● Aim of the exercise: Your output should be exactly the lines from the one containing "フェリーで自撮りを楽しむ三人のポートレート 133709925" through the last line of the listing, and nothing else. Pictures stay out.

● Data below:
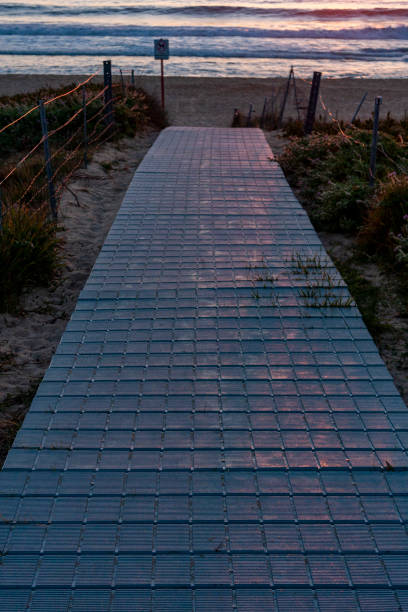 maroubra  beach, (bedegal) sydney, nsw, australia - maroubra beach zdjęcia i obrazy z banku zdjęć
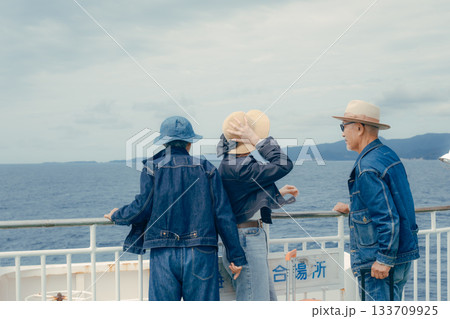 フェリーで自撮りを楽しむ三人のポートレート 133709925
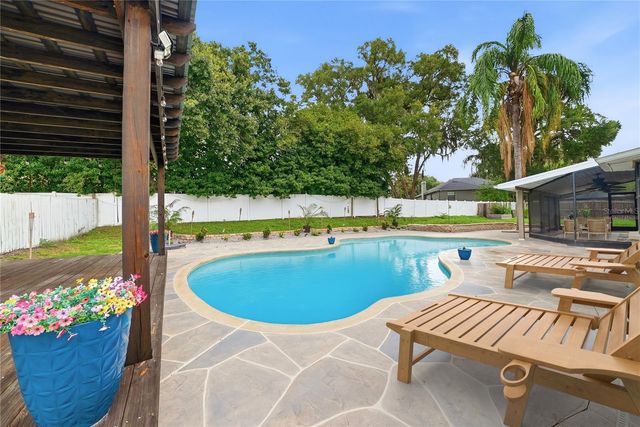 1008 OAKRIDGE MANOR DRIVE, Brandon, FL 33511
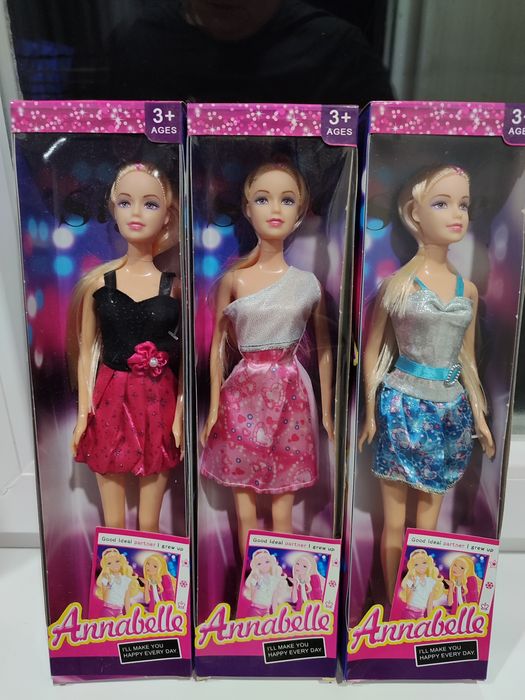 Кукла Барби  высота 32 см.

● Expected answer:
 フェリーで自撮りを楽しむ三人のポートレート 133709925
 1008 OAKRIDGE MANOR DRIVE, Brandon, FL 33511
 Кукла Барби  высота 32 см.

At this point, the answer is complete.